We’ve also been trying to make the watch bits funny, and working out the comedy has been a deadly serious business.
So it’s not easy – few rewarding things are. I have a hearing loss, my spatial awareness isn’t the best and I don’t always grasp instructions first time round. On several occasions, I have been disbelieving that we are expected to do the scene again. (What do you mean again? It’s going home time!) I know I will be terrified, waiting at the Ruins to go on for the first time in front of an actual audience. Even some of the rehearsals have been nerve-racking enough.
But it’s hard to put into words how much I have loved the experience, how it has made the whole summer golden.
I have been lucky. Dale has shown exemplary patience throughout - and then there is Mikhail Franklin, who plays Dogberry, the Basil Fawlty to my Manuel, and without whom the whole thing might have been very different. His boundless talent, enthusiasm for the work, perfectionism and willingness to act as mentor and explain things over and over (and over) are truly the stuff of heroic legend.

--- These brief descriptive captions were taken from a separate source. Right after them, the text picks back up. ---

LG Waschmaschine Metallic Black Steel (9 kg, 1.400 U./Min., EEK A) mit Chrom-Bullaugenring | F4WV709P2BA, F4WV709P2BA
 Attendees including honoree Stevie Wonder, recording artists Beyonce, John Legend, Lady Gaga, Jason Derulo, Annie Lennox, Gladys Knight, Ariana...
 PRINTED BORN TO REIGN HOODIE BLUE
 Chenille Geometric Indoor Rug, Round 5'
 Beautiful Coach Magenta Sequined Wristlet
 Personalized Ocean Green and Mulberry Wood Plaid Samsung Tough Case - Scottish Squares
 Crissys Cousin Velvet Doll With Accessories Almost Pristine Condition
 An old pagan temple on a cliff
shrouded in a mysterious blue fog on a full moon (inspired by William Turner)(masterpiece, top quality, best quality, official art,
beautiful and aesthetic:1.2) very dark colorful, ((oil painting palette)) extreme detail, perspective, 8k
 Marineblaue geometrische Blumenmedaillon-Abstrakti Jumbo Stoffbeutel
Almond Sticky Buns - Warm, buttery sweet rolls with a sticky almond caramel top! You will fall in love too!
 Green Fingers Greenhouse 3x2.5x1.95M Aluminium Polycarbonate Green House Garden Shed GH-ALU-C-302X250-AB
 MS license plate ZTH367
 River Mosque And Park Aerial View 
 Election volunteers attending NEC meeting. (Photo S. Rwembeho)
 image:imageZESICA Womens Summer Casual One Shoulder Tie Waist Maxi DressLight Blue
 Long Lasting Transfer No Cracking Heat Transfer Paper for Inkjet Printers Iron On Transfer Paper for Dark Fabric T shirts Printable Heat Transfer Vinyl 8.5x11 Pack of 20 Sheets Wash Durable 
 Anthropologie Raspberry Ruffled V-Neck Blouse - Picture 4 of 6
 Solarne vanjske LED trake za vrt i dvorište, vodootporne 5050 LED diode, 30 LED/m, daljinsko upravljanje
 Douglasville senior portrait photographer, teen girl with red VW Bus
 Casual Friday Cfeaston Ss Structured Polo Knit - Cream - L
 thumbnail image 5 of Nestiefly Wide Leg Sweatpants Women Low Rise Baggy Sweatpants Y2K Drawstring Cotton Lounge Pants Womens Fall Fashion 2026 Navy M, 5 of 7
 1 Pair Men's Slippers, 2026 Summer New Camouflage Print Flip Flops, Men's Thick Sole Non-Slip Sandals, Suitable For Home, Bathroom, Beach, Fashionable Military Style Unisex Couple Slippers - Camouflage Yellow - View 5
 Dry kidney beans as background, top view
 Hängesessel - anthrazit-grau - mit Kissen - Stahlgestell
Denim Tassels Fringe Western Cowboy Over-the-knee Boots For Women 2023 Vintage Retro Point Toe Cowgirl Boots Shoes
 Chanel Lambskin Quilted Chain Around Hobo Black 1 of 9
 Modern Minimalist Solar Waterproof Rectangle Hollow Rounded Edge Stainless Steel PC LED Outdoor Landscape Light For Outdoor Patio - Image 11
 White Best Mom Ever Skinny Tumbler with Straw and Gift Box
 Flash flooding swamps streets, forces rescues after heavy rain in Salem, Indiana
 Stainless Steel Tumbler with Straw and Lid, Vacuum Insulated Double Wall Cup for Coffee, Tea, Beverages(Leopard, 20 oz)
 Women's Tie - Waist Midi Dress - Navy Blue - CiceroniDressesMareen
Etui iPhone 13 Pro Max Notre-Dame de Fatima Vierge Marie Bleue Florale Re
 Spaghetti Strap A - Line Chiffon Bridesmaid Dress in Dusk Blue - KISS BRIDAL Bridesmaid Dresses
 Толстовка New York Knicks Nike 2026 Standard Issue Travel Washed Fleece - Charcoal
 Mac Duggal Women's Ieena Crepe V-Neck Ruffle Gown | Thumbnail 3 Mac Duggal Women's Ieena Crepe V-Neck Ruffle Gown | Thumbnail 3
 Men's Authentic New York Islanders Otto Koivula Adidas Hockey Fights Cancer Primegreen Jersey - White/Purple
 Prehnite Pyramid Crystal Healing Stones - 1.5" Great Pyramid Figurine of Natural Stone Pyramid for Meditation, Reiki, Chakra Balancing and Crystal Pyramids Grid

Every time I thank him, he shrugs it off as though it were nothing, but it isn’t.
In fact, everyone has shown professionalism, a lack of arrogance and a cast-iron commitment to the project.
But not the other Friday evening, a cast night out away from the show, billed as ‘just a few quiet drinks’. It ended with me arriving home around 1am, barefoot and carrying my heels, and, most worrying of all, from what I remember, actually singing.
Apart from the nerves, though, there’s just one problem. How does one possibly handle the sadness when it’s all over?